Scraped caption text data
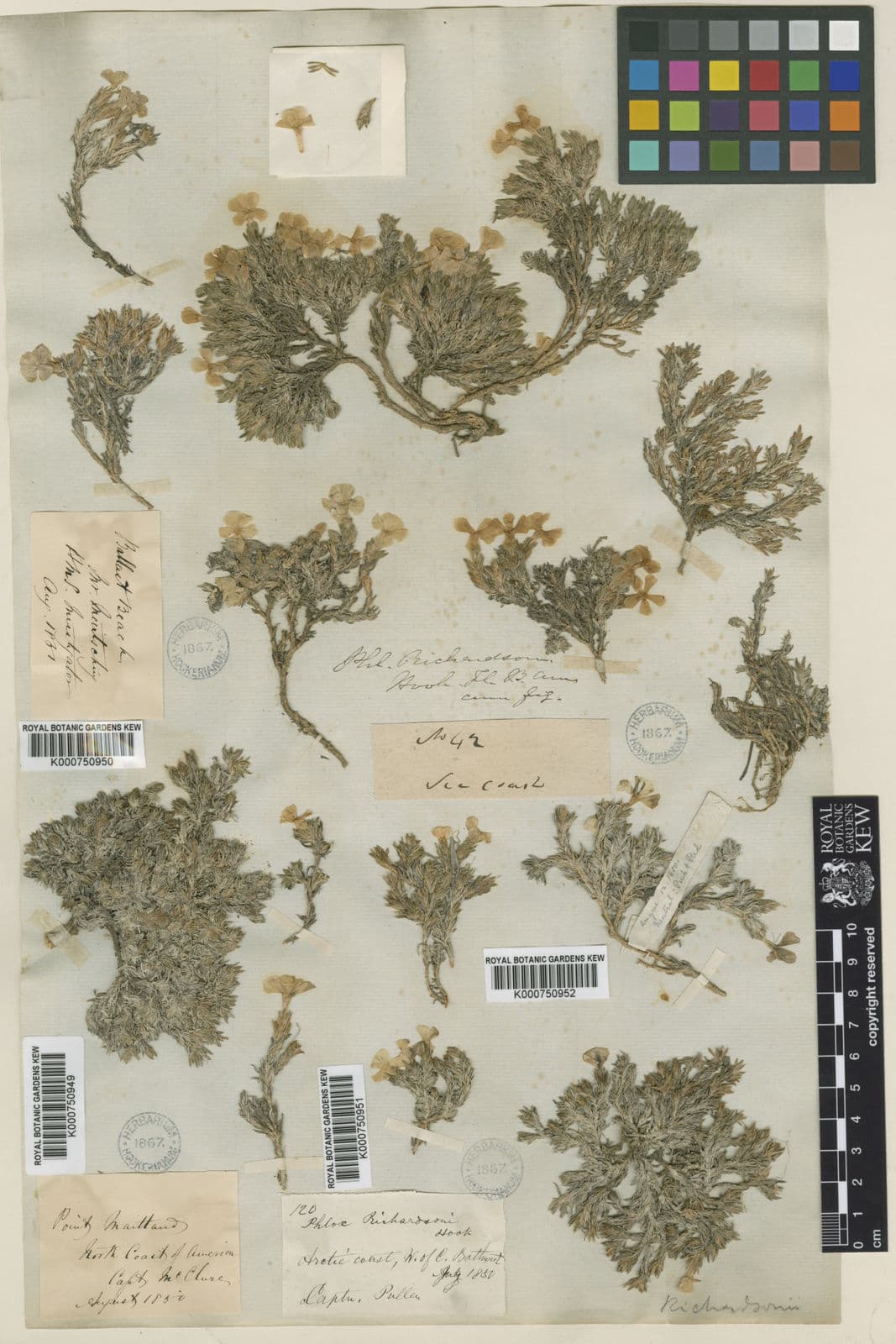 Bluten des Richardson-Phlox in voller Blute
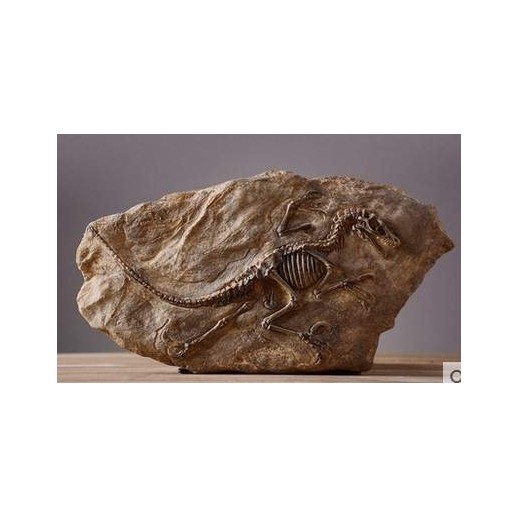 Fóssil Tiranossauro Rex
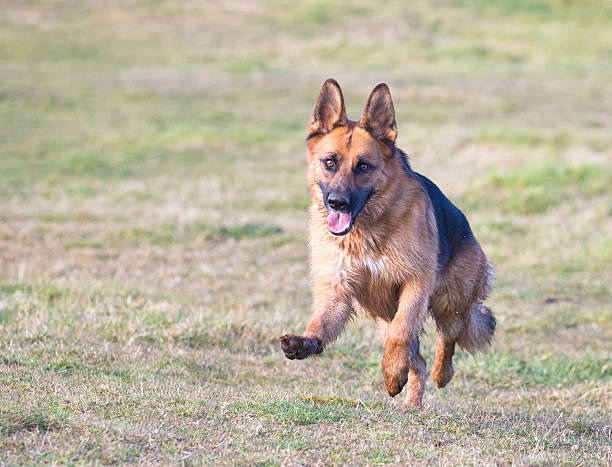 istock German Shepherd Dog running in park 466458310
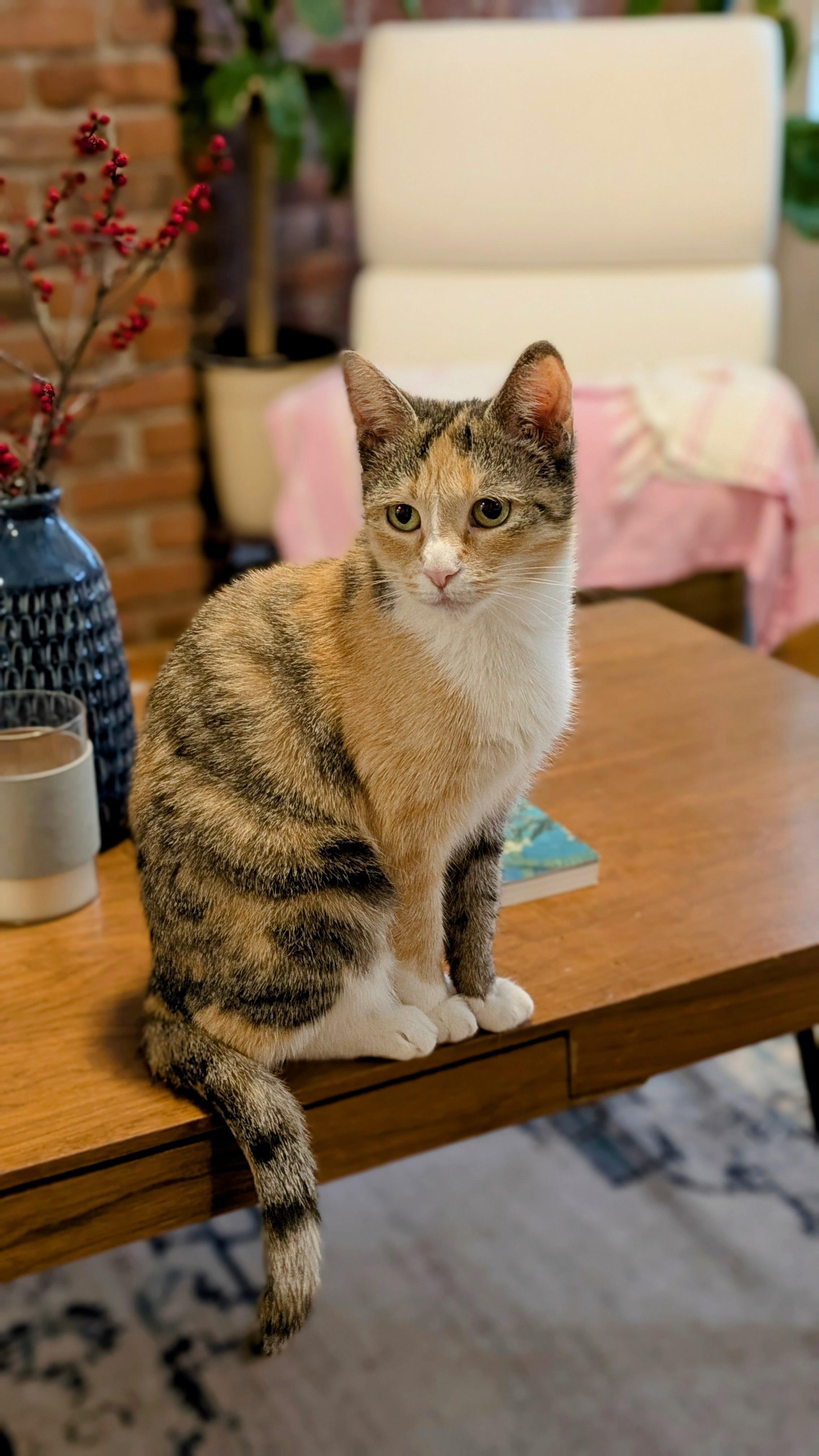 Enlarge Mabel, a Adoptable Calico in New York, NY image 6/6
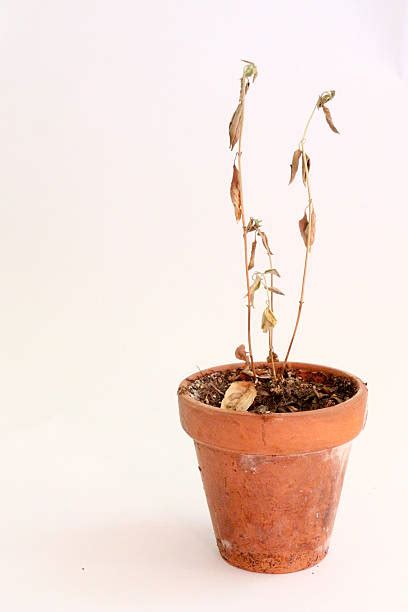 Dead Plant Pot Stock Photos Pictures And Royalty Free Images Istock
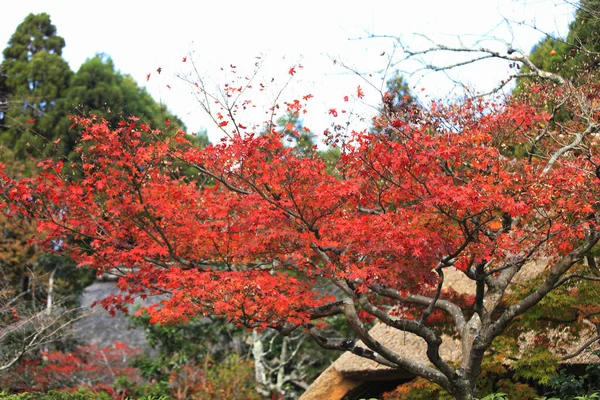 Hermosas Hojas Otoño Los Árboles Temporada Otoño Japón — Foto de Stock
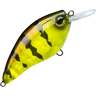 Pristm Chartreuse Perch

● **PROMPT**
For the data above, return an exact copy that contains no pictures.

● **REPLY TO THE EXERCISE**
 Bluten des Richardson-Phlox in voller Blute
 Fóssil Tiranossauro Rex
 istock German Shepherd Dog running in park 466458310
 Enlarge Mabel, a Adoptable Calico in New York, NY image 6/6
 Dead Plant Pot Stock Photos Pictures And Royalty Free Images Istock
 Hermosas Hojas Otoño Los Árboles Temporada Otoño Japón — Foto de Stock
 Pristm Chartreuse Perch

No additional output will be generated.